Tenth in a series of short writings about our recent ecotourism trip to Costa
Rica
You
don’t have to go to Costa Rica to see black vultures, Coragyps atratus. There’s a pretty good population of them
throughout much of the New World, including Oklahoma, where I first learned
their scientific name under the tutelage of George M. Sutton, famous
ornithologist at OU. There’s also one at the Wild Bird Rescue, Inc.,
headquarters at 4611 Lakeshore Drive, Wichita Falls, Texas, where it displays
what the average person would consider some rather un-vulture-like behavior,
for example, preening the hair of its handler and jumping from window to window
to check out visitors walking along the wooden deck outside its building. In
Costa Rica, late February, among our traveling companions, C. atratus quickly became the “black-headed vultures” as opposed to
“red-headed vultures” which were Cathartes
aura, turkey vultures, also a common species in the United States, although
commonly occurring further north than do C.
atratus.
So
why do I finish this series of short writings about an ecotourism trip with
comments on vultures? That’s a pretty good question for which I have no answer,
except that two of my previous contacts with New World vultures were pretty
memorable, and in preparation for our other ecotourism trips, to Botswana and
Tanzania, I studied my Old World vultures, hoping to see several species up
close. Old World vultures are not closely related to New World vultures, thus
provide a pretty good example of convergent evolution.
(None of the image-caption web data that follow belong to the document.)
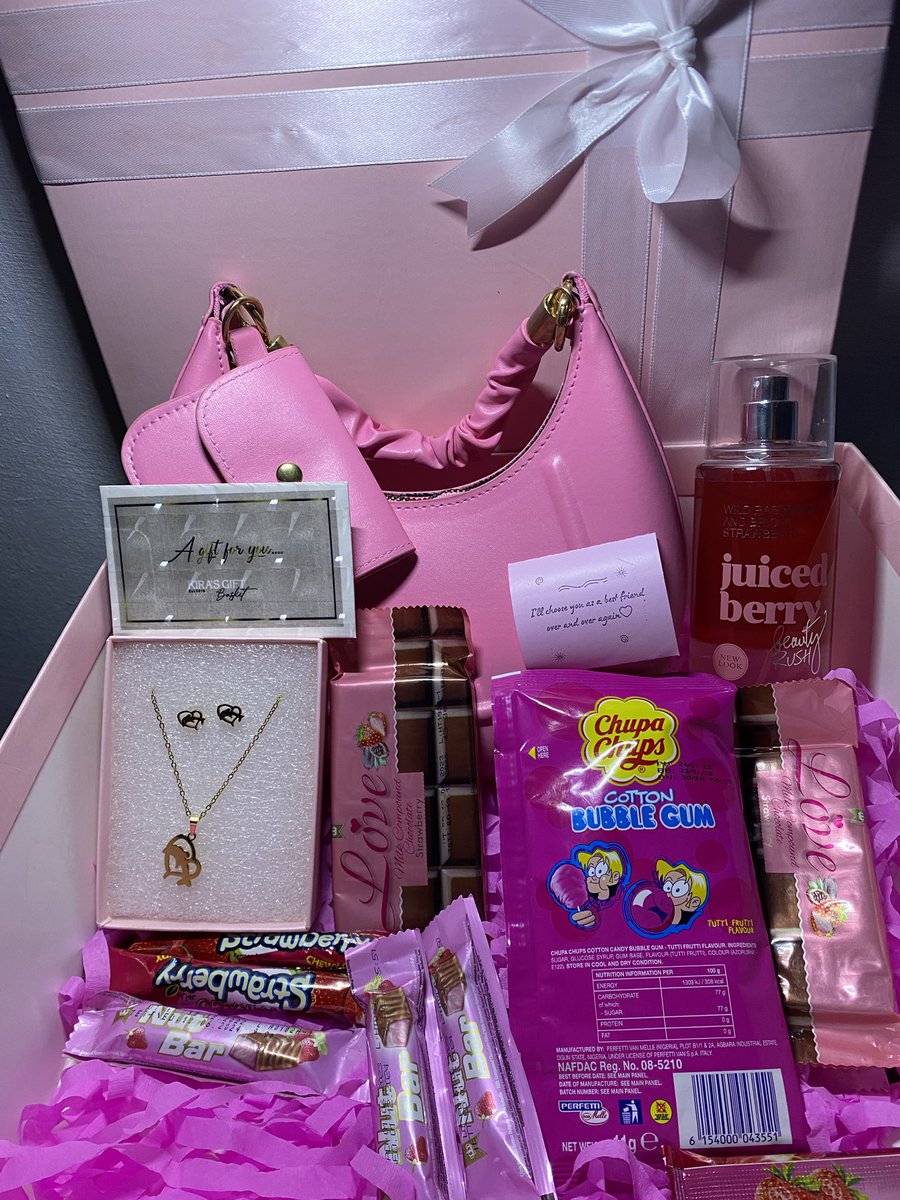 keyrah__'s tweet photo. If you don’t have a best friend that’s sending you random gifts. It’s time to change them oo. Because what’s this cuteness? https://t.co/fy5Pegq0fw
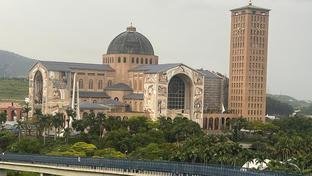 Aparecida, onde a f&#233; move montanhas e economia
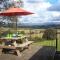 Halsteads: peaceful location, stunning views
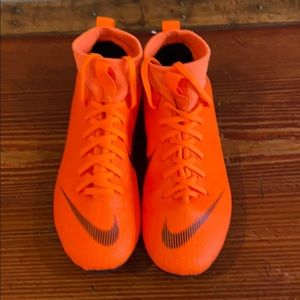 Nike cleat soccer shoes - Y1.5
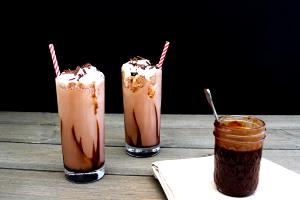 1 Serving Chocolate Chip Shake - Medium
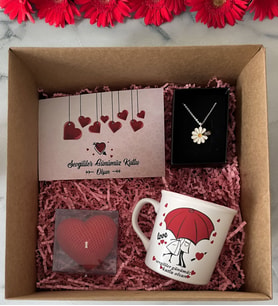BK Gift Kişiye Özel Kutlama Kartı & Sevgililer Günü Tasarımlı Kupa & Kalp Mum & Papatya Kolye Hediye Kutulu Set, Sevgiliye Hediye, Yıl Dönümü Hediyesi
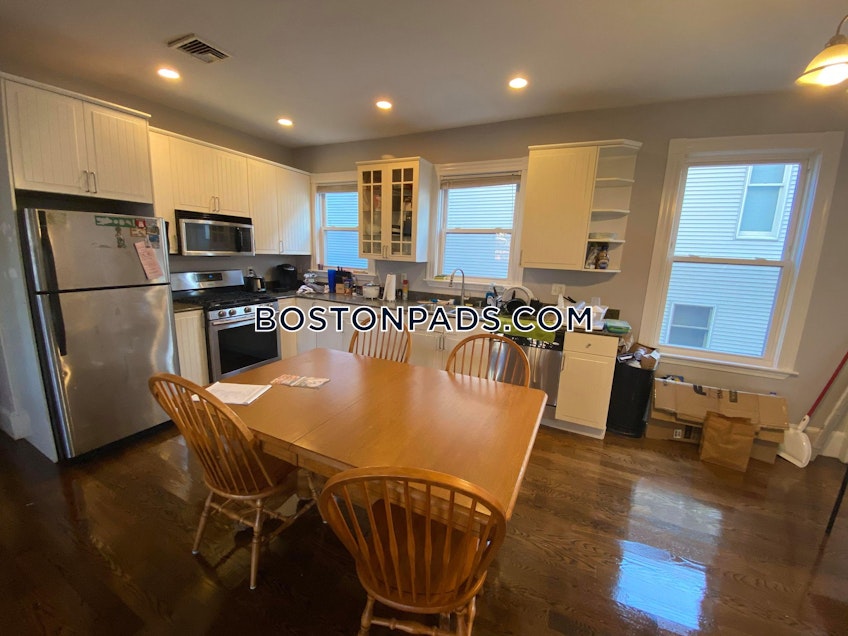 Boston - $6,600 /month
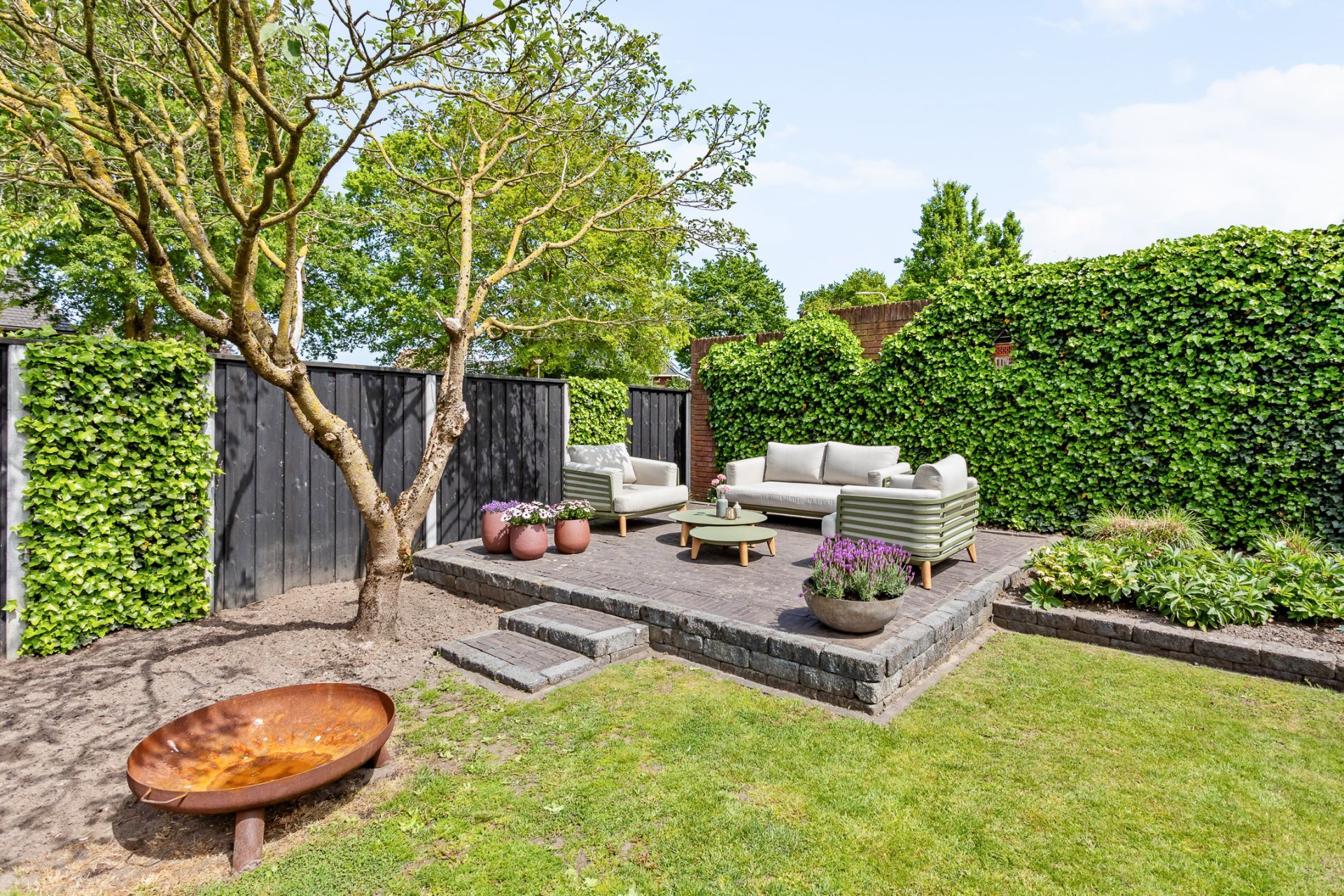 Gezellig tuinterras met loungeset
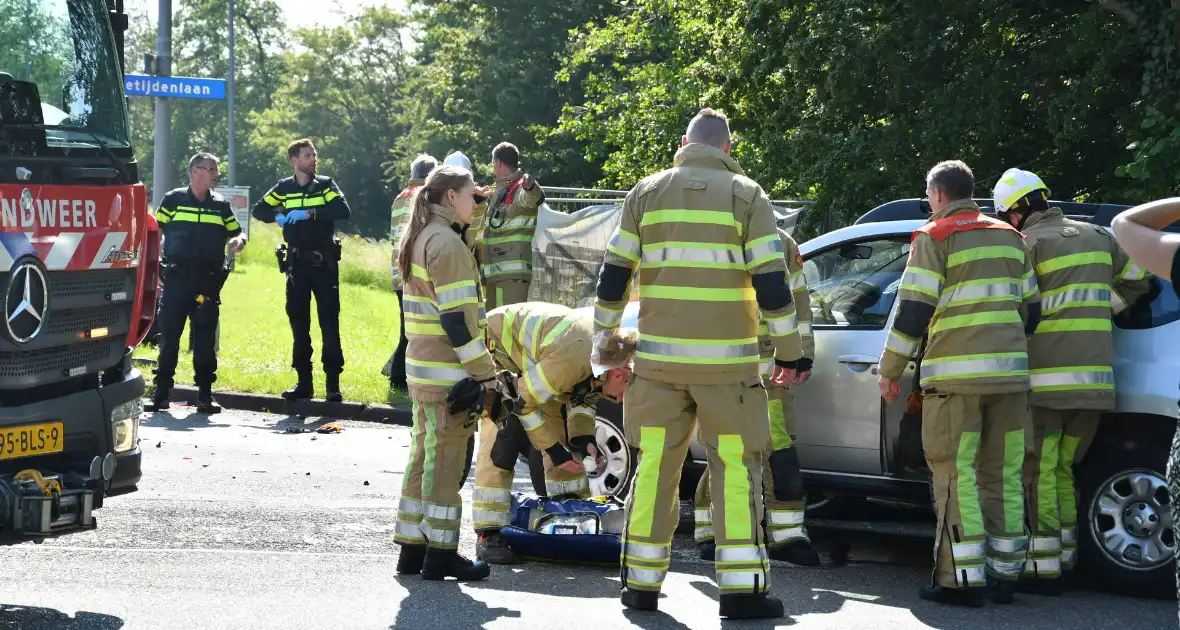 Flink ongeval tussen drie voertuigen - Foto 1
Evidently, if you’re digging around in carcasses, head feathers are an
evolutionary liability, thus the baldness of vultures in general.
What
made those previous encounters with vultures so memorable? One, in the Arbuckle
Mountains of southern Oklahoma, was with a really small chick. I crawled into a
hole and there it was, beautiful, looking up, maybe asking for a piece of dead
rabbit. I was on a field trip with George M. Sutton at the time, and we passed
the “nestling” around before returning it to its crevice. The second encounter
was also on a trip with Sutton, to western Oklahoma, where he knew about a nest
in an abandoned chicken coop. I crawled in between the boards and was
confronted with an adolescent turkey vulture who stood up and slowly
regurgitated, about an inch from my nose, the most putrid mass of stuff I’ve
ever smelled. Sutton thought that was pretty funny. I still get nauseated just
thinking about that event from back in the 60s. My encounters with African
vultures were all via camera, although for a book that’s coming out in April, I
did a drawing of one to introduce a chapter entitled “A Warning.” No, in that
chapter, if you read Africa Notes:
Reflections of an Ecotourist, you won’t be attacked by a vulture, but by
the mental impact of foreign travel and what that travel does to your sense of
what’s happening in our nation today.